14/03/08

A Cidade - I, por Mangas


Um homem caminha na direcção do cais, a mão direita no bolso do casaco, a esquerda segura três balões presos por fios uns palmos acima da cabeça. Está um chinês sentado junto à margem com um macaco nos ombros. O macaco come diospiros. Nunca vi nenhum chinês usar óculos quadrados. São sempre redondos como os diospiros.

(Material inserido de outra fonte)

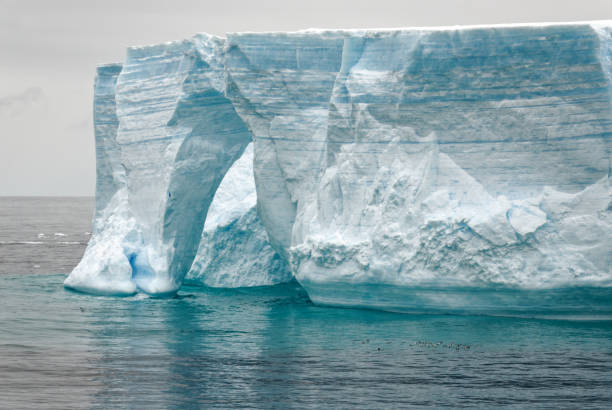 istock Antartica - Tabular Iceberg in Bransfield Strait 1398982779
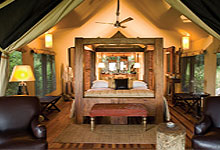 Bateleur Camp
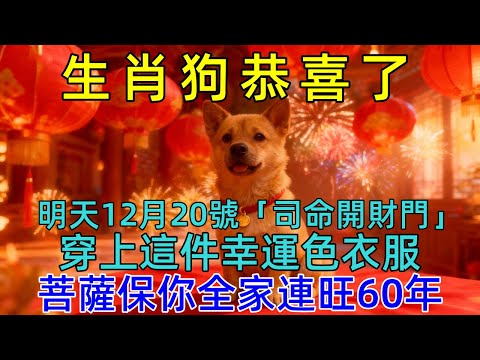 百年難遇！生肖狗明天12月20日，農曆十一月初一是「司命開財門」！一定要記得穿這個顏色的衣服，菩薩保你全家連旺60年，再倒楣也能逆天改命！  #生肖运势#佛陀#佛學 #佛法 #佛教 #修行 #智慧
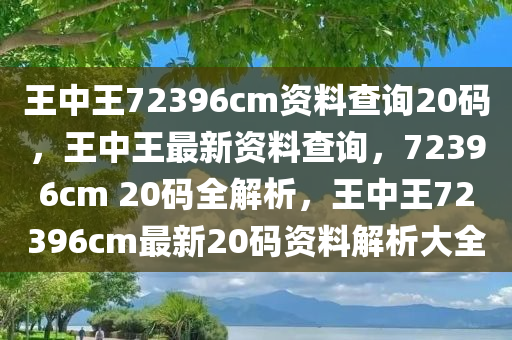 王中王72396cm资料查询20码，王中王最新资料查询，72396cm 20码全解析，王中王72396cm最新20码资料解析大全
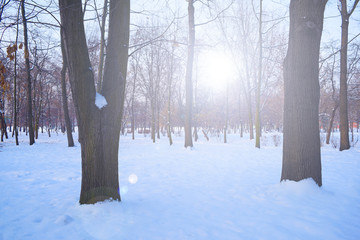 Fabulous winter forest and the sun is shining. Sunrise.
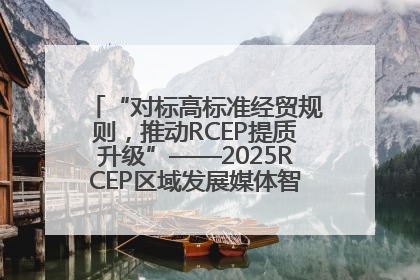 “对标高标准经贸规则，推动RCEP提质升级”——2025RCEP区域发展媒体智库论坛举行专题对话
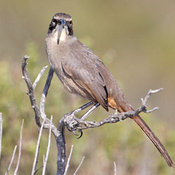 California Thrasher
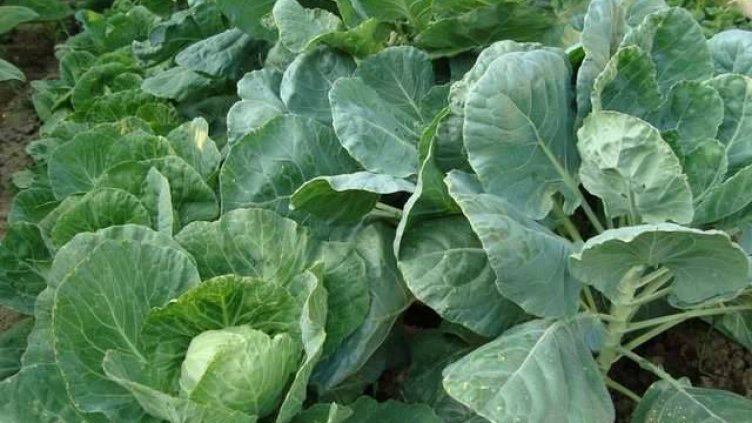 Зелето започна да поевтинява, – 12 % за седмица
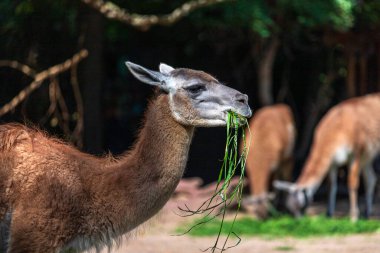 Yetişkin Lama çiftlikte ot yiyor.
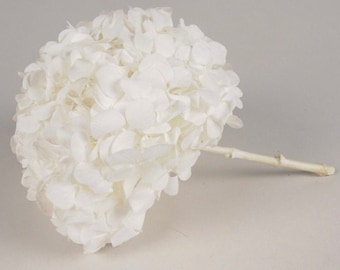 Premium quality - Big petal White Preserved hydrangea KIARA, bridal flower, Hydrangea pure blanc, jewelery resin DIY tool
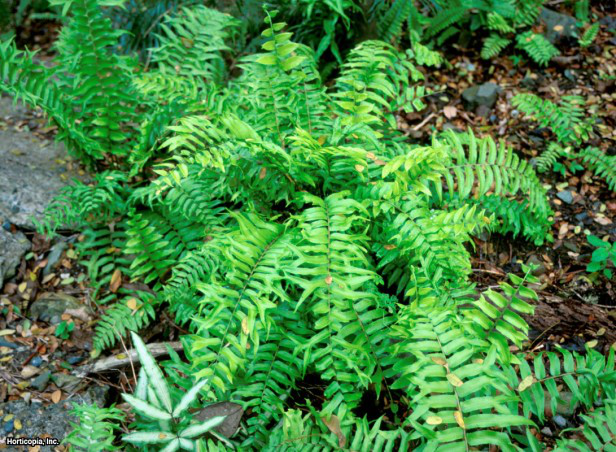 Kılıç Eğreltiotu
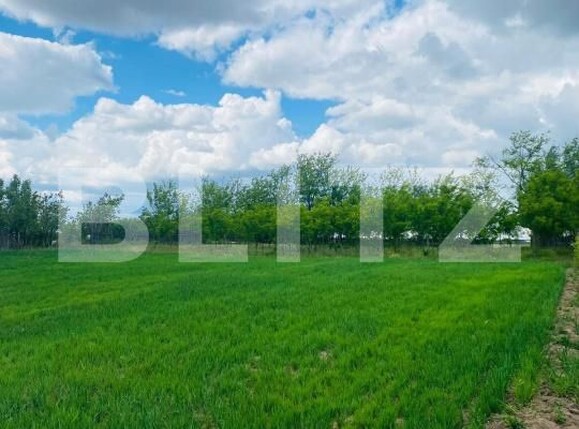 Casa de vânzare 4 camere Exterior Est - 181350CV | BLITZ Craiova | Poza7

Matulões escanzelados que vendem recuerdos aldrabados, sorvetes remelosos, cadeiras ao sol, mercenários armados de Ray-Ban modelo aviador-sem-asas. Domingo à tarde no parque com as famílias são convenientes para sacudir o jejum dos sapatos. Perseguem os putos divertidos fingindo que são monstros quando passam o resto da semana a fingir que o não são. Um negro infectado por um trompete murmura o voo das aves migratórias quando sopra. Delicadas improvisações de mágoa e furor. A minha missão é traduzir esses acordes para decifrar o silêncio que pressinto em meu redor, em redor das gentes cujas paixões os fragiliza e faz deles criaturas nuas e crentes. Abrir as portas do sol, é incitar as formigas a rastejar.

Um tipo a cair de bêbado aproxima-se do pontão sobre o oceano e começa a mijar. Explica em voz alta que mija para as cinzas da mulher que foram lançadas ao mar. É como se mijasse para a sua campa. Solta uma gargalhada. Sai dali, move-se entre os passos e o bar mais próximo. Se lhe meterem um pepino nas mãos, transforma-se em pickle.

Um fio dourado de luz reflecte o castanho das árvores abandonadas. Algumas andorinhas sobre as quais o Zeca Afonso tropeça os olhos como no voo de uma gaivota. Há uma harmonia superior e imprevisível no meio disto tudo que me aplaca o cinismo. Aproximo-me do tipo dos balões e proponho-lhe comprar um. Que não. Que o perdoasse, mas não estavam à venda. Confessou-me que os segurava apenas para que o mantivessem de pé, na vertical.

Eu também nunca disse que não acreditava em Deus. Acredito apenas que Ele não existe, nem nunca existiu. Esta deve ser a minha confissão, mas eu não peço perdão.